[Web page caption snippets]
_ _ _ _ _

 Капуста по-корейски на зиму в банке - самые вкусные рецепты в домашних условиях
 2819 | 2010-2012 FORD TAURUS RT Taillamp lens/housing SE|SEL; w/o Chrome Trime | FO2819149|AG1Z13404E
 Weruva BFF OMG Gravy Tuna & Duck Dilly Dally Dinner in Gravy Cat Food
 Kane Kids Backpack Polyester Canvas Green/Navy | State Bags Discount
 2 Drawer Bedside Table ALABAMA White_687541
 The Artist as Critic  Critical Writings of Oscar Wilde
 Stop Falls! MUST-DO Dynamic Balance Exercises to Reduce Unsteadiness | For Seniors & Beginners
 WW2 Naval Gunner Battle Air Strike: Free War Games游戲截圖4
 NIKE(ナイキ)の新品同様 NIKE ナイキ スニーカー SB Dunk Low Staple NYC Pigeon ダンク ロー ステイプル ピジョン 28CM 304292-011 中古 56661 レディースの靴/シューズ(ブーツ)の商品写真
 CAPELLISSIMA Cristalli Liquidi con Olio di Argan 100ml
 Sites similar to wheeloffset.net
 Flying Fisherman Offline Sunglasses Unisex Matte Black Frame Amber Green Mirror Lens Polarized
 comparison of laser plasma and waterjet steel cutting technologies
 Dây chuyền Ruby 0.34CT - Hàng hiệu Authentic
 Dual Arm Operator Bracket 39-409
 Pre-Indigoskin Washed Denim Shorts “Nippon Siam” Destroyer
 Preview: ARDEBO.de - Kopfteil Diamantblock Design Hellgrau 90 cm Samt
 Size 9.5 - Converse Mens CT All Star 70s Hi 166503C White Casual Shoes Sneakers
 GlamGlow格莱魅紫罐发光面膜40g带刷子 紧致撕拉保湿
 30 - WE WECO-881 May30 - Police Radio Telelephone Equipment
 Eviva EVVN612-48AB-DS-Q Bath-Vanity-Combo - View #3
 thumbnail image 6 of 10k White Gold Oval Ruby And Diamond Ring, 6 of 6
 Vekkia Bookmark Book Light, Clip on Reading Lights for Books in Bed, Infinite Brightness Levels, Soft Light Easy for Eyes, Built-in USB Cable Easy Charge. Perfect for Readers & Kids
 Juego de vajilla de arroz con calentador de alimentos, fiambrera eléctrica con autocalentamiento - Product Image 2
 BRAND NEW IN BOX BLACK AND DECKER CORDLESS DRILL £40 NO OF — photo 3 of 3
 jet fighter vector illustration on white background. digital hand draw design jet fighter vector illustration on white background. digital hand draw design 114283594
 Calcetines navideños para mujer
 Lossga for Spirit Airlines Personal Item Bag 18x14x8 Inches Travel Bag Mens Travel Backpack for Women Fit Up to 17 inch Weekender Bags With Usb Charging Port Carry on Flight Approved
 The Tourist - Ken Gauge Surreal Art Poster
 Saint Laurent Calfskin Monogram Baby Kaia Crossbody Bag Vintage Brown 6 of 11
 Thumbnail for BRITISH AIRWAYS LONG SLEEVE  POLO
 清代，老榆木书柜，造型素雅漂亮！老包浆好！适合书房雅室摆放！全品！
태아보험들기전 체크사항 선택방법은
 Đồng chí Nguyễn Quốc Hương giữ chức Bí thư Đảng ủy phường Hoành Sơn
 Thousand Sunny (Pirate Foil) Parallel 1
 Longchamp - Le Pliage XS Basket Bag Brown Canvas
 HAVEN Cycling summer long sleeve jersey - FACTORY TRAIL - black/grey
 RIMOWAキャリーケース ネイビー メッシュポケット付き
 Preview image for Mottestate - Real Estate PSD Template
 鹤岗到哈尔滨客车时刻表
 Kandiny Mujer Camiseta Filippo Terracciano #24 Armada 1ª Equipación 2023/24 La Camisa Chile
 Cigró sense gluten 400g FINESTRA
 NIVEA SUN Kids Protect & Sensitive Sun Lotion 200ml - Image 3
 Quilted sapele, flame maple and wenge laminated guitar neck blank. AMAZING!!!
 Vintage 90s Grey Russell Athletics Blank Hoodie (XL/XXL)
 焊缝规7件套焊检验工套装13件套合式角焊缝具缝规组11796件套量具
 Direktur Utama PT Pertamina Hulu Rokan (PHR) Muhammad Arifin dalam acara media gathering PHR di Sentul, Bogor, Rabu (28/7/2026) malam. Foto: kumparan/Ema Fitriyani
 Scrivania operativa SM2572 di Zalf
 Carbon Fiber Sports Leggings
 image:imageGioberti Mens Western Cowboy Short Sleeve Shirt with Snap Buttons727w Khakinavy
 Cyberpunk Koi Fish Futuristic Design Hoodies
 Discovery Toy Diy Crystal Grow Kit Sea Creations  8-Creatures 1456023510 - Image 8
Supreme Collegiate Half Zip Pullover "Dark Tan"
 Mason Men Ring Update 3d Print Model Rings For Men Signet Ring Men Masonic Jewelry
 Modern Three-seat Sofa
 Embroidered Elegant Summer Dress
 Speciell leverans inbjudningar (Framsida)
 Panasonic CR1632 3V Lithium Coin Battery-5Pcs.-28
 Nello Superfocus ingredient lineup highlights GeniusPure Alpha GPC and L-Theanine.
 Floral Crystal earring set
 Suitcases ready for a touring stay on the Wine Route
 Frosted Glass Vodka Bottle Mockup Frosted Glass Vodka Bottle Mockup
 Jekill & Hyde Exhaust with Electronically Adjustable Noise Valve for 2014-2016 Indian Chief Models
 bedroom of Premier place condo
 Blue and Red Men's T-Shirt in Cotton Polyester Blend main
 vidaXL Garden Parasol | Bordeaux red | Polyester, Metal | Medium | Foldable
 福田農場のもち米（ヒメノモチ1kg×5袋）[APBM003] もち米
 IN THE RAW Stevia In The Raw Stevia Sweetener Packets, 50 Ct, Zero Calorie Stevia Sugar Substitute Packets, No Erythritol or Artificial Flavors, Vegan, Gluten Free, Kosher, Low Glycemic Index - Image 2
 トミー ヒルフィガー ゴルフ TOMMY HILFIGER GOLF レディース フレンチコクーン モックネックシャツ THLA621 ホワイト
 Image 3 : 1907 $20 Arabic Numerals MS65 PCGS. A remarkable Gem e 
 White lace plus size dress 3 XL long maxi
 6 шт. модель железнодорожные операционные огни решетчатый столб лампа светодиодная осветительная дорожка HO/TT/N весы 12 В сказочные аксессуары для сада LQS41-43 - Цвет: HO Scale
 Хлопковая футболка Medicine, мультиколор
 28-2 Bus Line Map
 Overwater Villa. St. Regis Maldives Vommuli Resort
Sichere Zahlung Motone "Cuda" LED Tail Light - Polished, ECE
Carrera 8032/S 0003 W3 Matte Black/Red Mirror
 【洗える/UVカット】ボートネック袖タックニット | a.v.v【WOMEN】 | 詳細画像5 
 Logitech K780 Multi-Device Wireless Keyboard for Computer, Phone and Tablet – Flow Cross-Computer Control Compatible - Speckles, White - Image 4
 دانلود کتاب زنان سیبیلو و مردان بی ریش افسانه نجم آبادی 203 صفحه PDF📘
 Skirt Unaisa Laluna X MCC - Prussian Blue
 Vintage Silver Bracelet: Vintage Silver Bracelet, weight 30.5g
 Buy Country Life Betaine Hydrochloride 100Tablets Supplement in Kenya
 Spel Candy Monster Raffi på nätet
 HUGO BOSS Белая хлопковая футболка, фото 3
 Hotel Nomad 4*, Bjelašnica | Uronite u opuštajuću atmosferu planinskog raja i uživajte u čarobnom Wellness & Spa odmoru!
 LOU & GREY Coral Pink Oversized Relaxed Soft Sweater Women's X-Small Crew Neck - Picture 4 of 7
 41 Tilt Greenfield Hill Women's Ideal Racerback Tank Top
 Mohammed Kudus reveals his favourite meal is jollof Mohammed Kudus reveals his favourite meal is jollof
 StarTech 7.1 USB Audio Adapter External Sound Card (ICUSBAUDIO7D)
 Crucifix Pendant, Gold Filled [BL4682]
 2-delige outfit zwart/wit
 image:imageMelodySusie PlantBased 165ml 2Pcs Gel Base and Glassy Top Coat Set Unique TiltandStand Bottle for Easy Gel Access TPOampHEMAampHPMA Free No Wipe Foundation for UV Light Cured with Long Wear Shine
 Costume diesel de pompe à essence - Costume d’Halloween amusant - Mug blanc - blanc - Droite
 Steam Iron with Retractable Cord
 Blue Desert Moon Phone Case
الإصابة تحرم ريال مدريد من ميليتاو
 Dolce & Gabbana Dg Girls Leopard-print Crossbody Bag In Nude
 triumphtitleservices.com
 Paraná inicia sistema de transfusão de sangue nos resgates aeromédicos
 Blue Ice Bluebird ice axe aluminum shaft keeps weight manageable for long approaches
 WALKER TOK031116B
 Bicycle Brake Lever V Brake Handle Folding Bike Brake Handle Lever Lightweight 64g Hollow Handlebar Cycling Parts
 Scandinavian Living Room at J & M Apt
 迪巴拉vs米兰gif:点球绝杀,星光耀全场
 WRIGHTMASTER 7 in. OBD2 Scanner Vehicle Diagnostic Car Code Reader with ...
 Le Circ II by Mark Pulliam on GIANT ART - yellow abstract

_ _ _ _ _

▶ _What you should do_
Reproduce, character for character, only the lines of the preceding data that start at the line with "HAVEN Cycling summer" and end at the line with "Cyberpunk Koi Fish Futuristic Design Hoodies", both included.

▶ _Answer space_
 HAVEN Cycling summer long sleeve jersey - FACTORY TRAIL - black/grey
 RIMOWAキャリーケース ネイビー メッシュポケット付き
 Preview image for Mottestate - Real Estate PSD Template
 鹤岗到哈尔滨客车时刻表
 Kandiny Mujer Camiseta Filippo Terracciano #24 Armada 1ª Equipación 2023/24 La Camisa Chile
 Cigró sense gluten 400g FINESTRA
 NIVEA SUN Kids Protect & Sensitive Sun Lotion 200ml - Image 3
 Quilted sapele, flame maple and wenge laminated guitar neck blank. AMAZING!!!
 Vintage 90s Grey Russell Athletics Blank Hoodie (XL/XXL)
 焊缝规7件套焊检验工套装13件套合式角焊缝具缝规组11796件套量具
 Direktur Utama PT Pertamina Hulu Rokan (PHR) Muhammad Arifin dalam acara media gathering PHR di Sentul, Bogor, Rabu (28/7/2026) malam. Foto: kumparan/Ema Fitriyani
 Scrivania operativa SM2572 di Zalf
 Carbon Fiber Sports Leggings
 image:imageGioberti Mens Western Cowboy Short Sleeve Shirt with Snap Buttons727w Khakinavy
 Cyberpunk Koi Fish Futuristic Design Hoodies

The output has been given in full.